_Work required:_ Each line below from the line with "Invitation White Elephant" to the line with "Изчистен силиконов кейс" must be copied exactly, including those two, and no picture may appear in the copy.

###

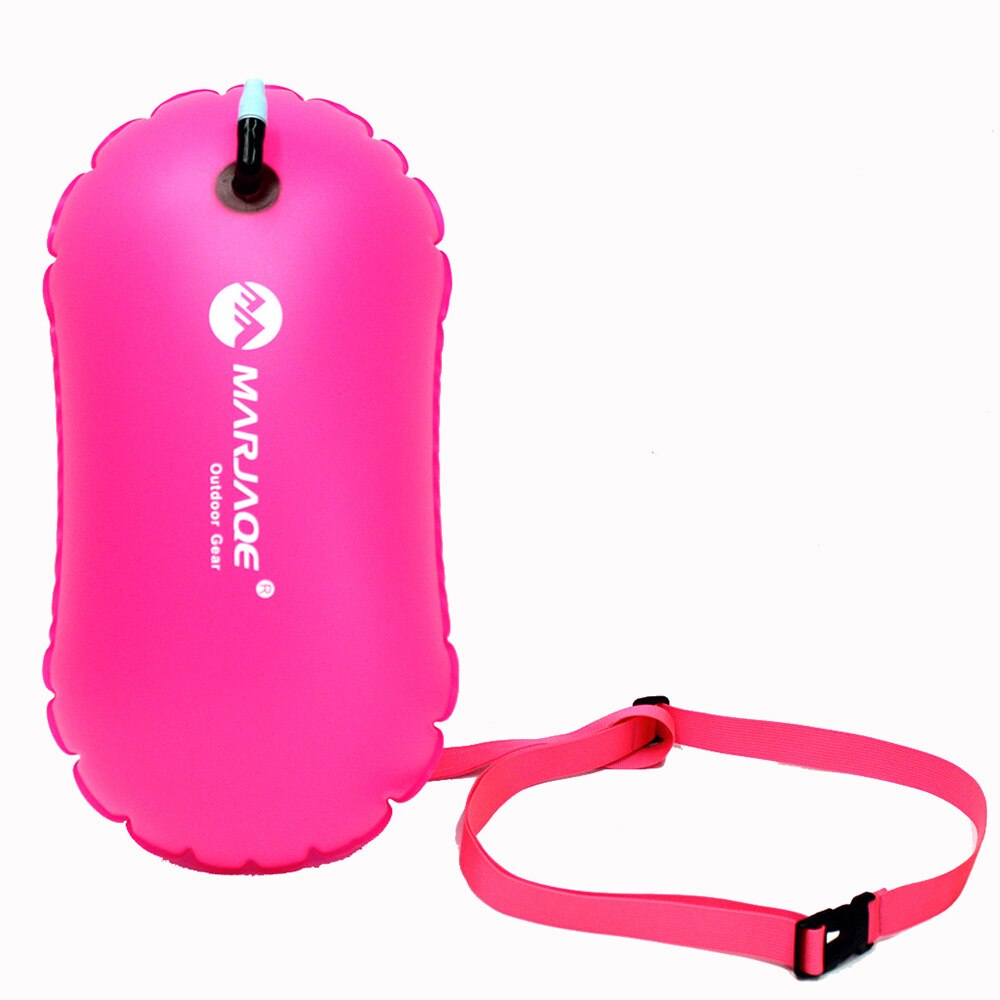 Pvc svømning bøje sikkerhed flydende luft tør taske træk flyde svømning oppustelig flydepose: Rosenrød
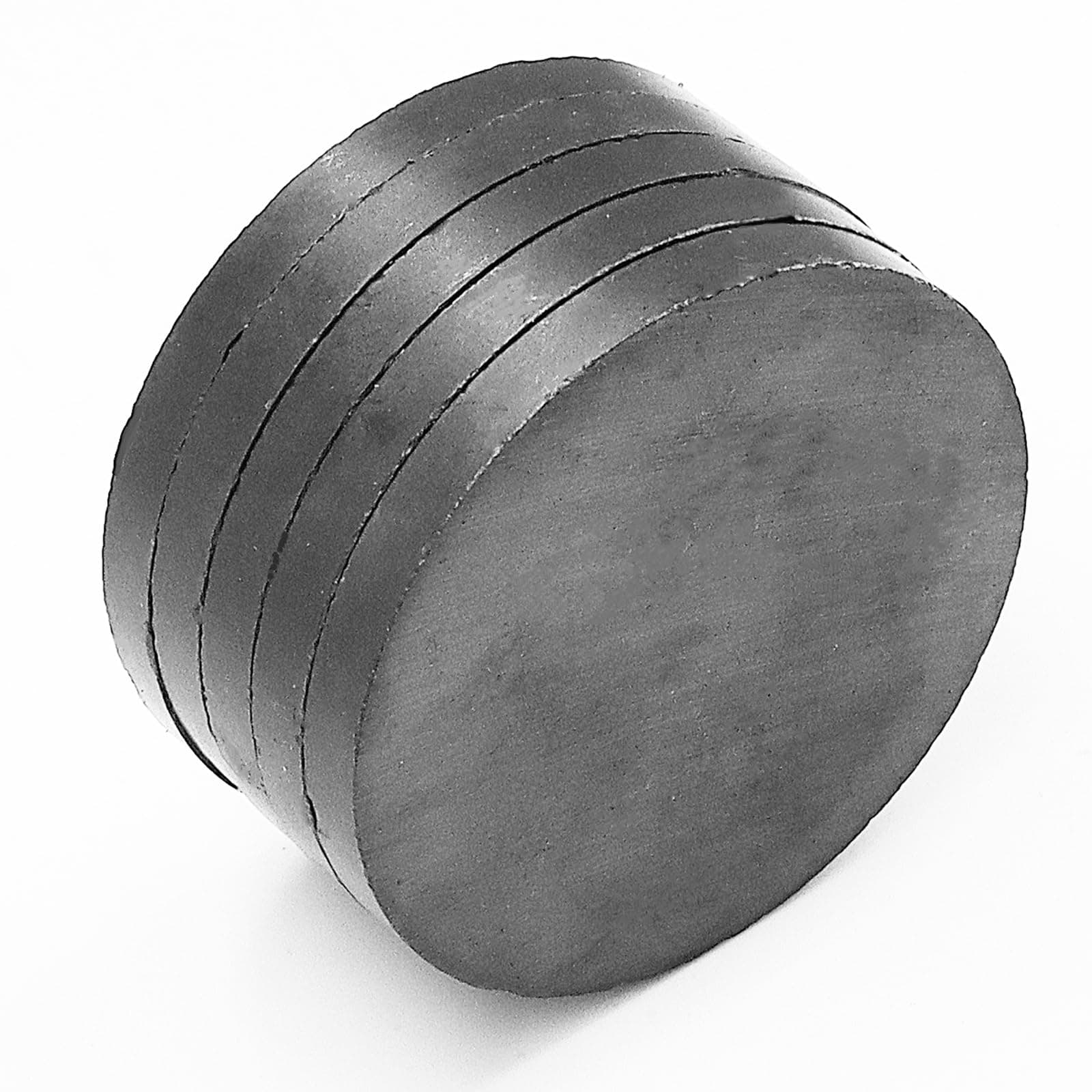 Ceramic Magnets Disc 2" x 1/5" Grade 8 for Crafting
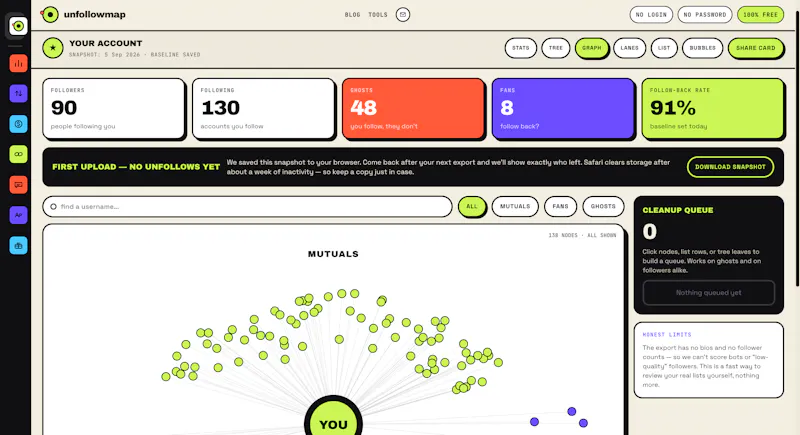 unfollowmap screenshot 2
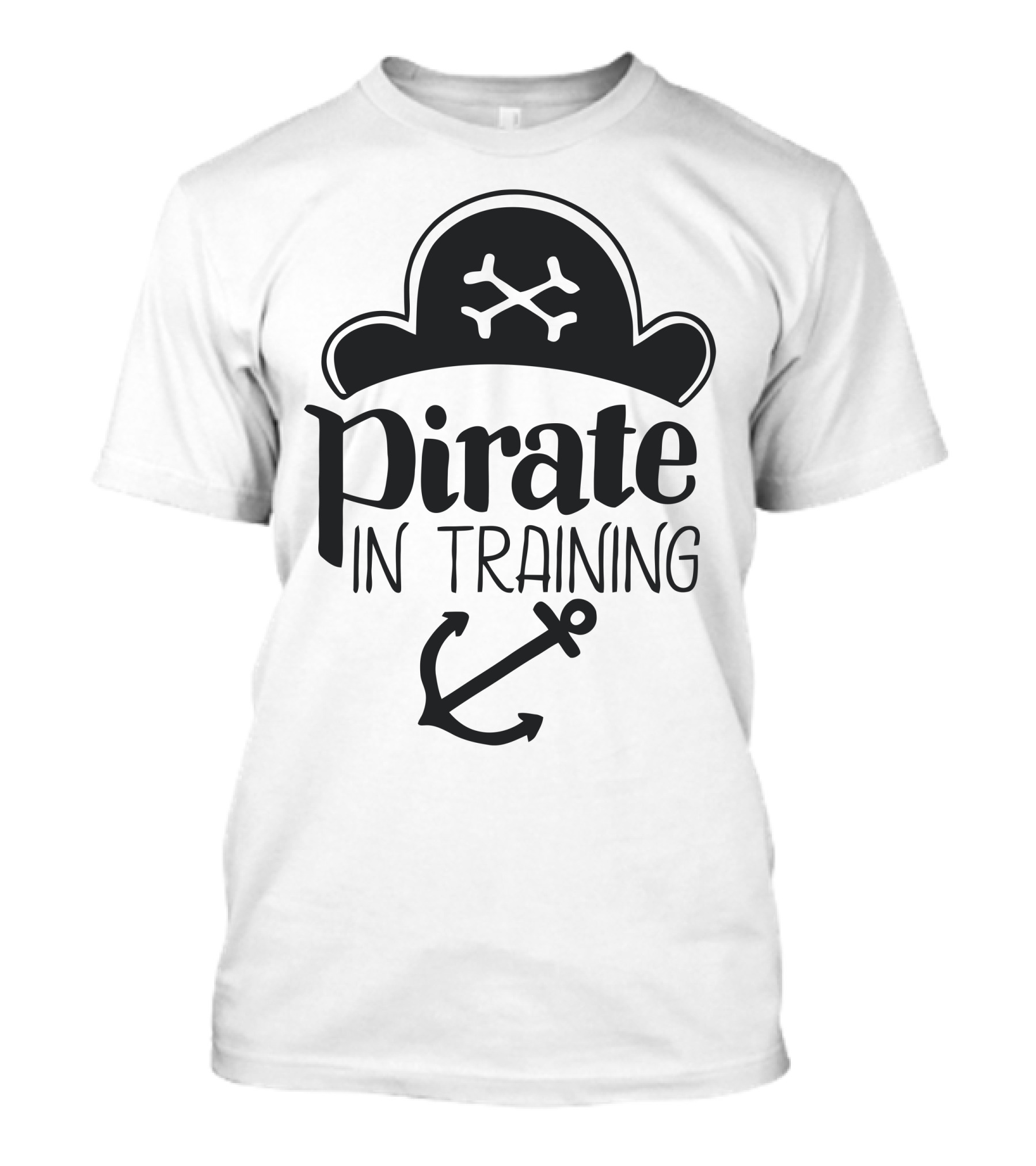 Pirate In Training Skull Hat And Anchor T-Shirt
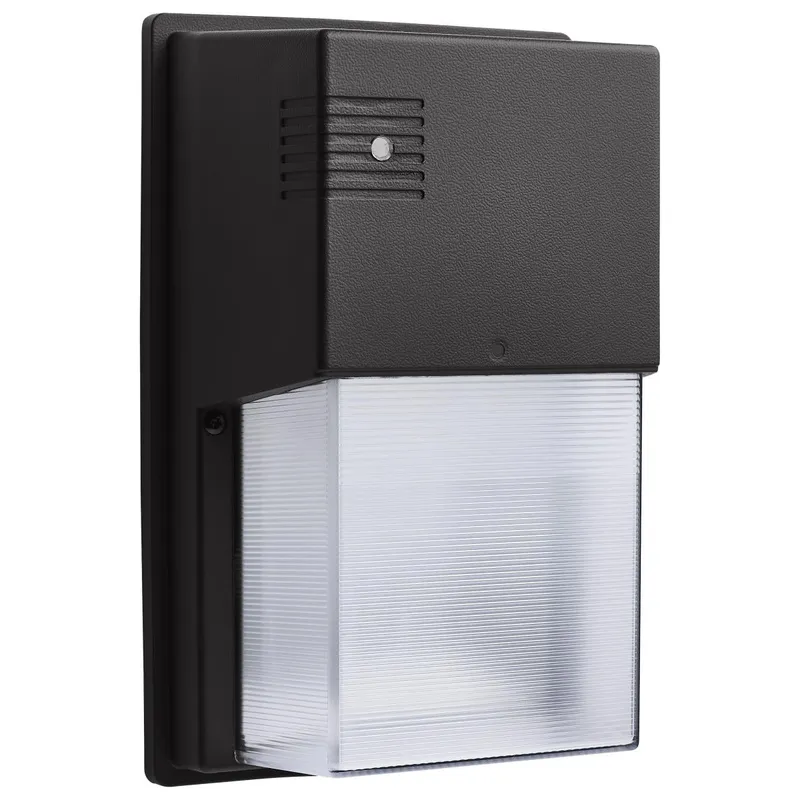 LED Entryway Wall Pack; 10/15/20 Wattage Selectable; 30K/40K/50K CCT Selectable; Bronze or White Finish — Warehouse Lighting LED Wall Lights 20.0W 5000K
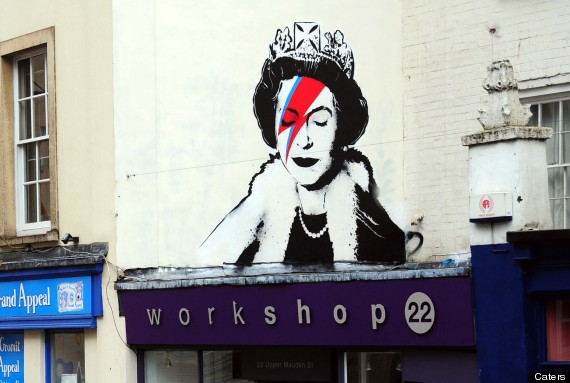 banksy queen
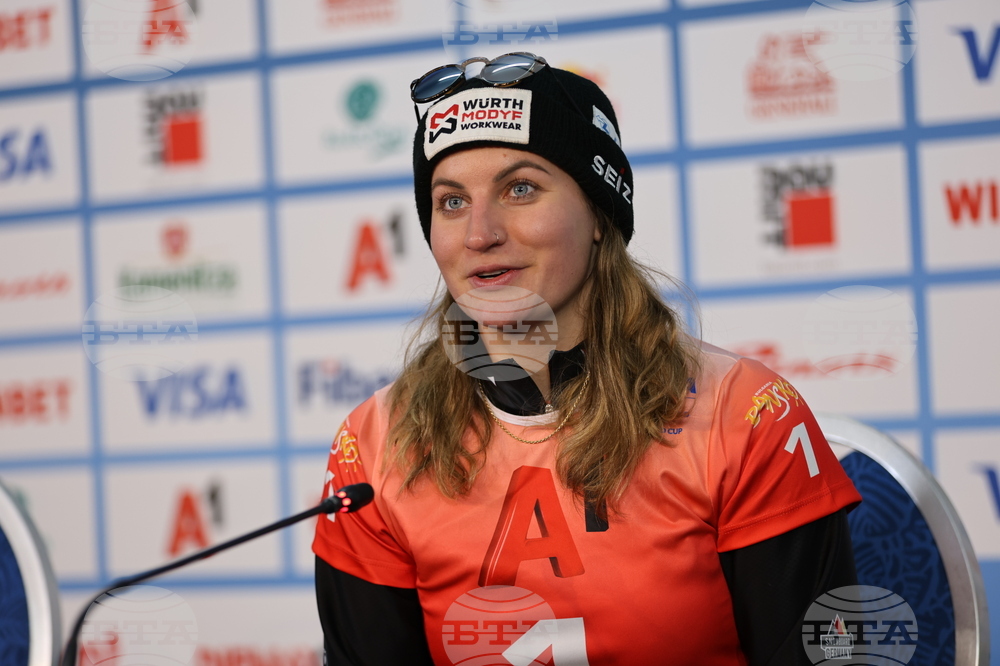 Банско - Световна купа по алпийски сноуборд - Рамона Терезия Хофмайстер - пресконференция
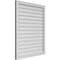 Ekena Millwork Vertical Surface Mount PVC Gable Vnt: Non-Functional, w/2"W x 1-1/2"H, Brickmould Frame, 34"W x 42"H GVPVE34X4202SN - alternate 5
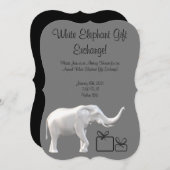 Invitation White Elephant Exchange (Devant / Derrière)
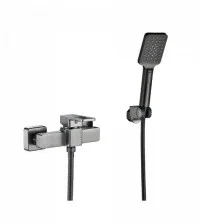 Смеситель для душа ViEiR Sera 185 мм, графит/Gun Metal V353561G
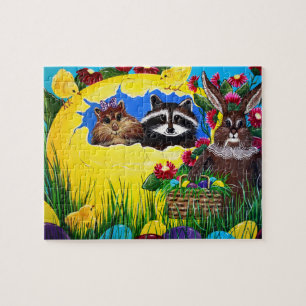 "Ms. Elizabeth's Easter World Jigsaw Puzzle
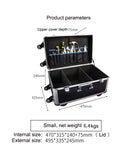 Medical Equipment Case Doctors Bag Large Aluminium Trolley Box with Wheels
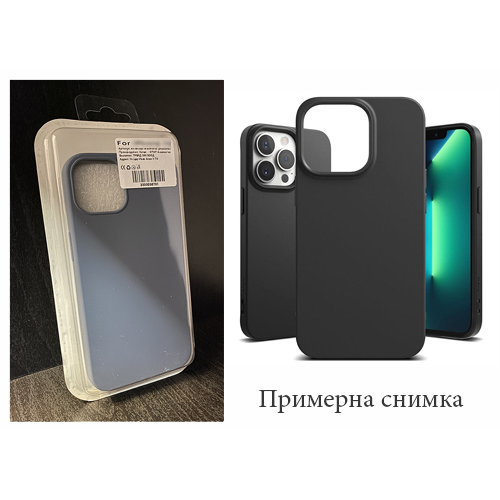 Изчистен силиконов кейс Samsung Galaxy A22 4G – Сиво-синьо (S17–A2)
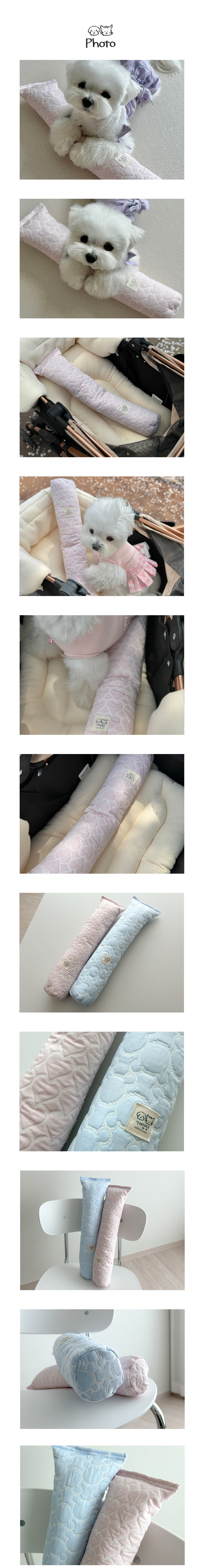 [무료배송] 개달당 듀라론 쿨링 쿠션 핑크/블루 2번째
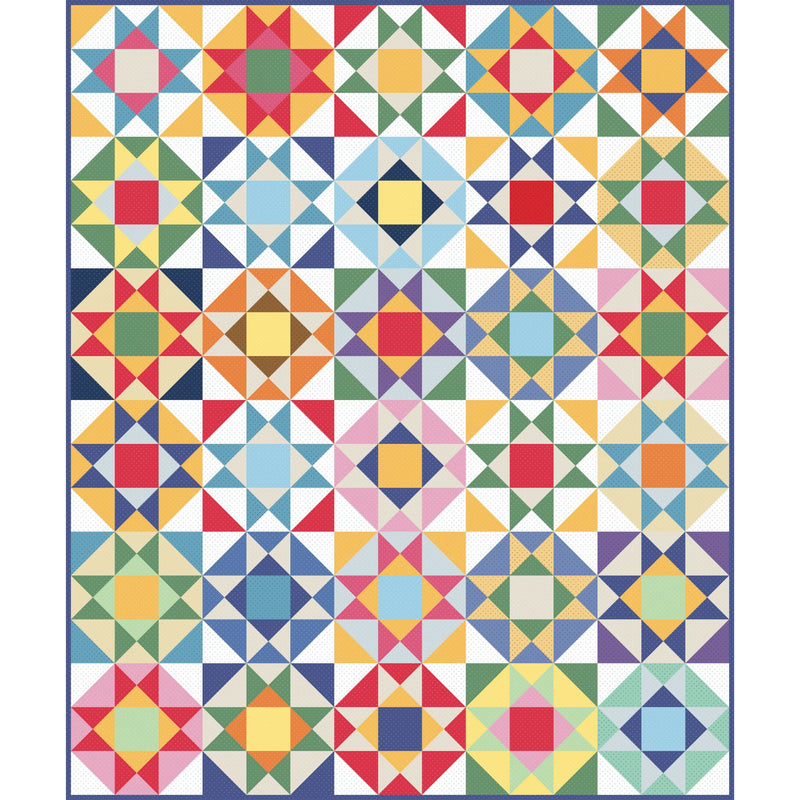 Star Tiles Custom Quilt Kit With American Jane Pindots by American Jane for Riley Blake Designs | Size 45" x 54"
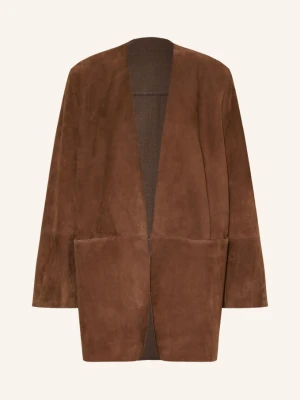 Obrázek produktu Max Mara Kožená Bunda Fumato hnědá
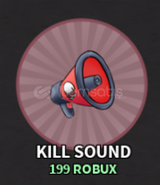 Kill Sound | The Strongest Battlegrounds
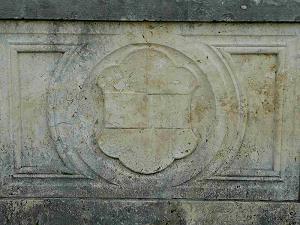 Notthafft-Wappen am Brunnen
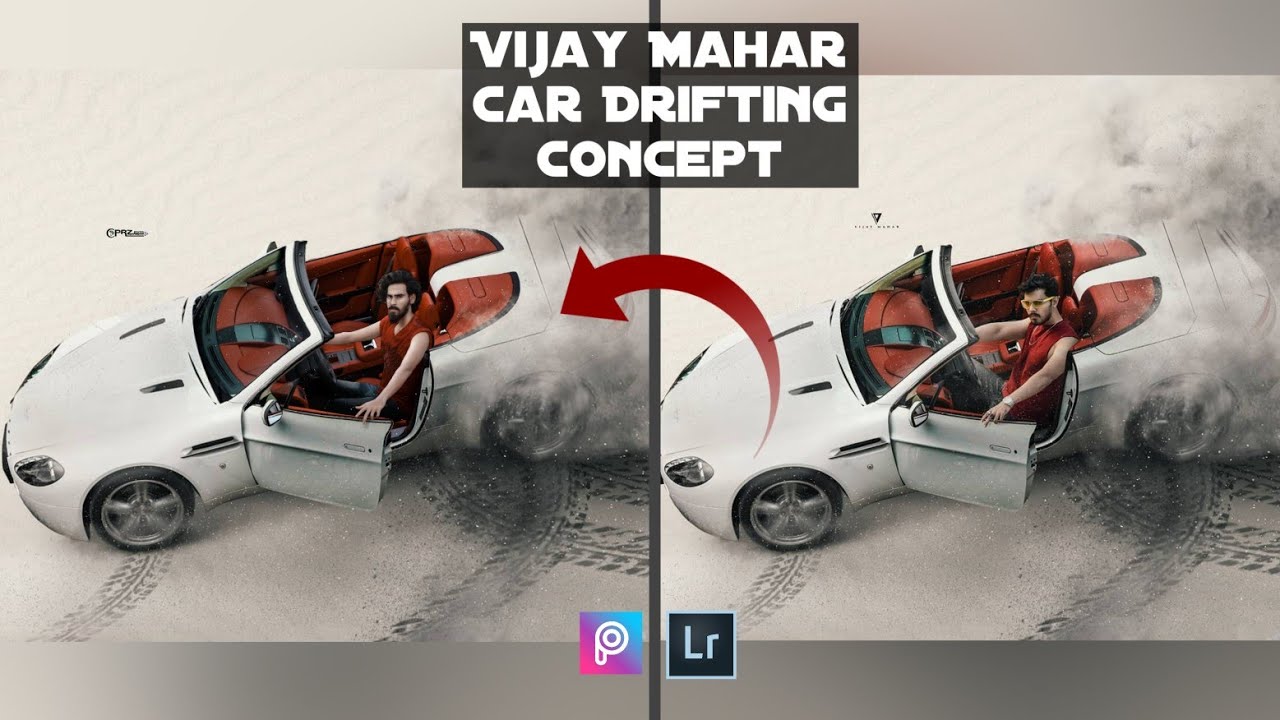 Car Drifting The Unique Editing In Picsart Of All Time By - PRZ Edits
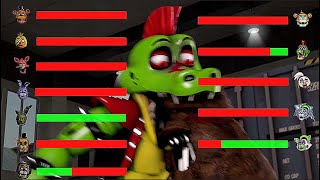 SFM FNaF Top 5 CRAZY FNAF VS FIGHT Animations WITH Healthbars [upl. by Scottie]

###

_Solution:_
 Invitation White Elephant Exchange (Devant / Derrière)
 Смеситель для душа ViEiR Sera 185 мм, графит/Gun Metal V353561G
 "Ms. Elizabeth's Easter World Jigsaw Puzzle
 Medical Equipment Case Doctors Bag Large Aluminium Trolley Box with Wheels
 Изчистен силиконов кейс Samsung Galaxy A22 4G – Сиво-синьо (S17–A2)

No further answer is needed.